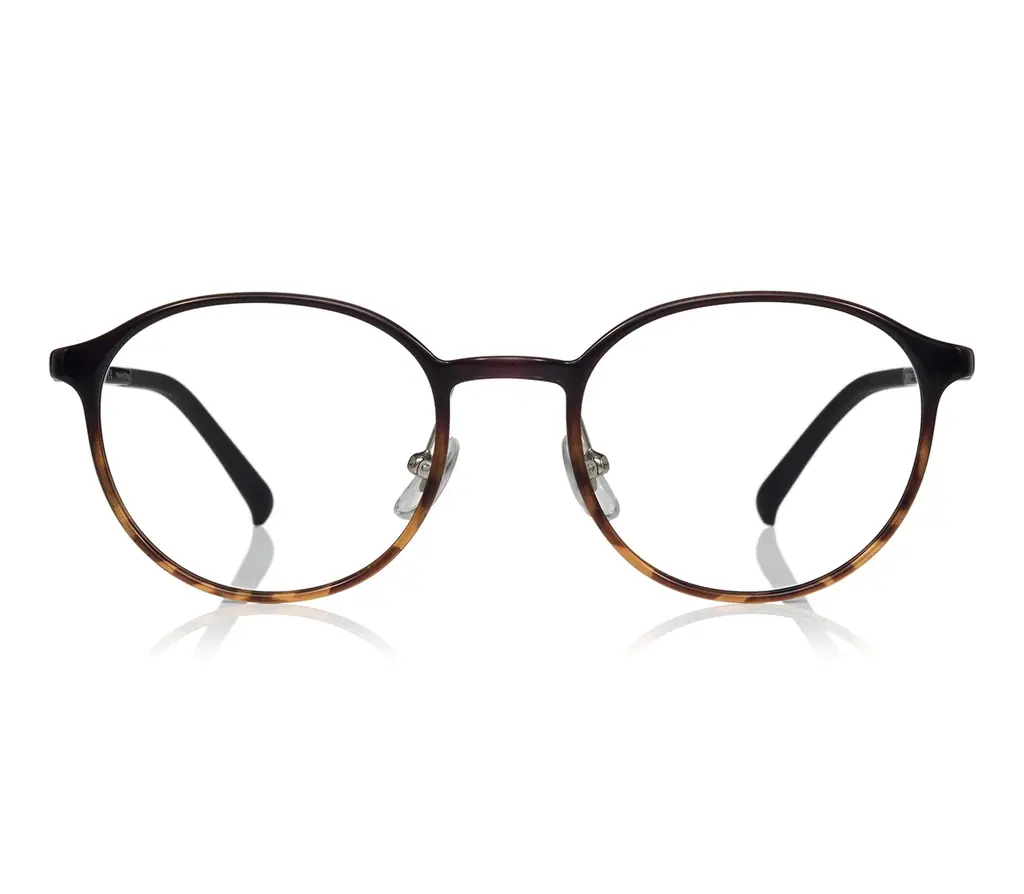 【OWNDAYS | オンデーズ】新年は目元から晴れやかに。大好評『OWNDAYS福袋2026』お得な10,000円分のメガネ購入優待券がオンラインストアで10月30日より先行販売開始 画像 7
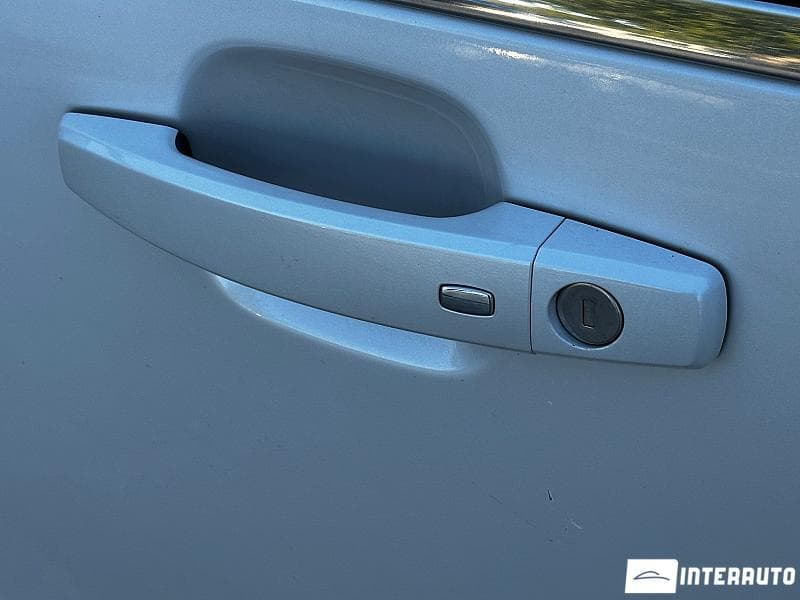 2014 Chevrolet Volt — Miniatură 17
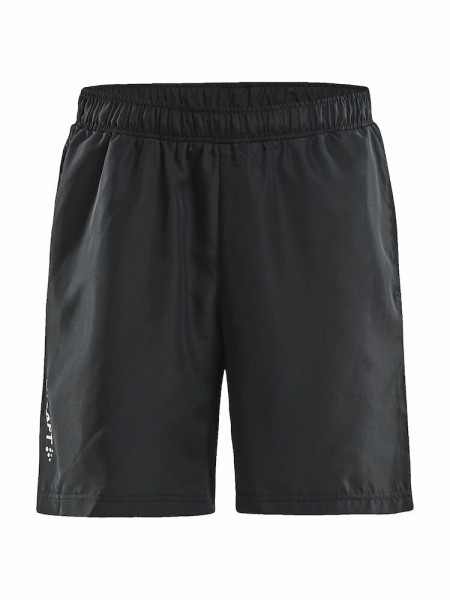 Craft Rush Shorts M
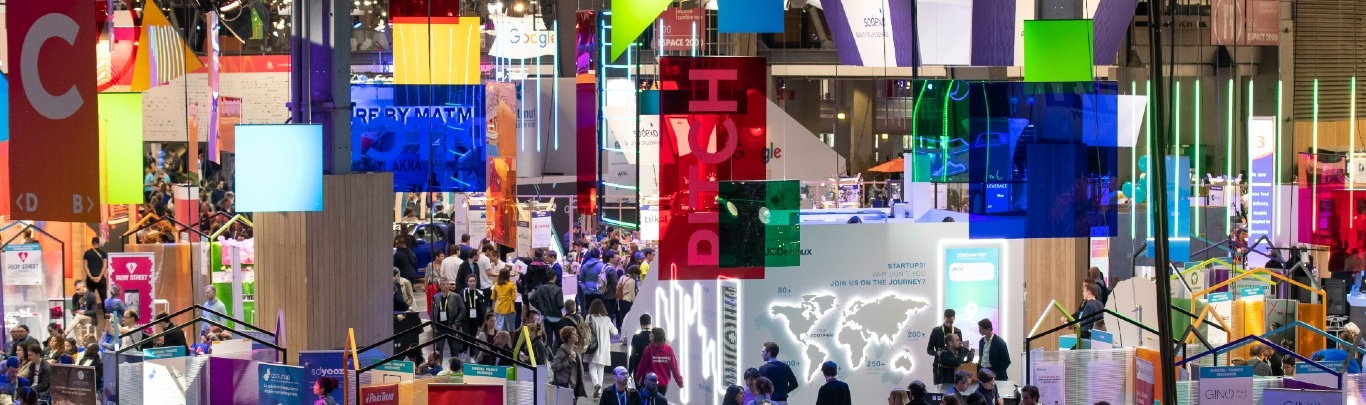 Vivatech 2019-F.Bonny-CCIPIDF-H2-D_0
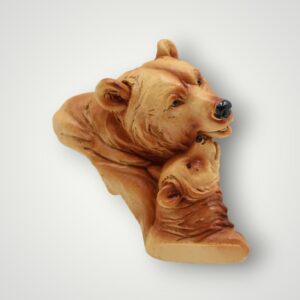 MAGNET CERAMIC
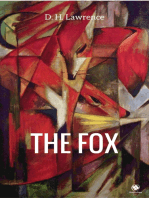 The Fox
────────────────────────────────────────
Begin at the line containing "2014 Chevrolet Volt — Miniatură 17" and restate exactly every line through the end of the material, skipping the pictures.

◆ **Answer for this exercise**
 2014 Chevrolet Volt — Miniatură 17
 Craft Rush Shorts M
 Vivatech 2019-F.Bonny-CCIPIDF-H2-D_0
 MAGNET CERAMIC
 The Fox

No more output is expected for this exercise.